I found a peculiar error where if my annotated dataset is at 1000 samples it gives a dimension error.
Let’s say I have an annotated-data.json
with more than 1000 samples. When I have 999 samples I can load the model ok, but not at 1000 samples.
prodigy drop test
prodigy dataset test "yoyo"
head -n 1000 annotated-data.jsonl > small-data.jsonl
prodigy db-in test small-data.jsonl
prodigy textcat.batch-train test en_core_web_sm --output test -n 1
python -c "import spacy; spacy.load('test')"
Here is the error.
Traceback (most recent call last):
File "<string>", line 1, in <module>
File "/Users/apewu/writelab/prodigy/lib/python3.6/site-packages/spacy/__init__.py", line 13, in load
return util.load_model(name, **overrides)
File "/Users/apewu/writelab/prodigy/lib/python3.6/site-packages/spacy/util.py", line 107, in load_model
return load_model_from_path(Path(name), **overrides)
File "/Users/apewu/writelab/prodigy/lib/python3.6/site-packages/spacy/util.py", line 138, in load_model_from_path
return nlp.from_disk(model_path)
File "/Users/apewu/writelab/prodigy/lib/python3.6/site-packages/spacy/language.py", line 541, in from_disk
util.from_disk(path, deserializers, exclude)
File "/Users/apewu/writelab/prodigy/lib/python3.6/site-packages/spacy/util.py", line 483, in from_disk
reader(path / key)
File "/Users/apewu/writelab/prodigy/lib/python3.6/site-packages/spacy/language.py", line 537, in <lambda>
deserializers[proc.name] = lambda p, proc=proc: proc.from_disk(p, vocab=False)
File "spacy/pipeline.pyx", line 170, in spacy.pipeline.BaseThincComponent.from_disk (spacy/pipeline.cpp:11298)

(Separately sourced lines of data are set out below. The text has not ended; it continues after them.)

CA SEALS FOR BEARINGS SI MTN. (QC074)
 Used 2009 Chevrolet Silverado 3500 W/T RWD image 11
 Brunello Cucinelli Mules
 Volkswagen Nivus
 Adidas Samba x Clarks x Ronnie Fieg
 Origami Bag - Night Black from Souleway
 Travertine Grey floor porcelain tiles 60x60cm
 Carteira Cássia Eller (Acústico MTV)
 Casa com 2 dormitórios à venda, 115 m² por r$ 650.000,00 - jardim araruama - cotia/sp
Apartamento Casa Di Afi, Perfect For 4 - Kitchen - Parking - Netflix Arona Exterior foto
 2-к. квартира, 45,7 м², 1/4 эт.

File "/Users/apewu/writelab/prodigy/lib/python3.6/site-packages/spacy/util.py", line 483, in from_disk
reader(path / key)
File "spacy/pipeline.pyx", line 163, in spacy.pipeline.BaseThincComponent.from_disk.load_model (spacy/pipeline.cpp:10856)
File "/Users/apewu/writelab/prodigy/lib/python3.6/site-packages/thinc/neural/_classes/model.py", line 352, in from_bytes
copy_array(dest, param[b'value'])
File "/Users/apewu/writelab/prodigy/lib/python3.6/site-packages/thinc/neural/util.py", line 48, in copy_array
dst[:] = src
ValueError: could not broadcast input array from shape (128) into shape (64)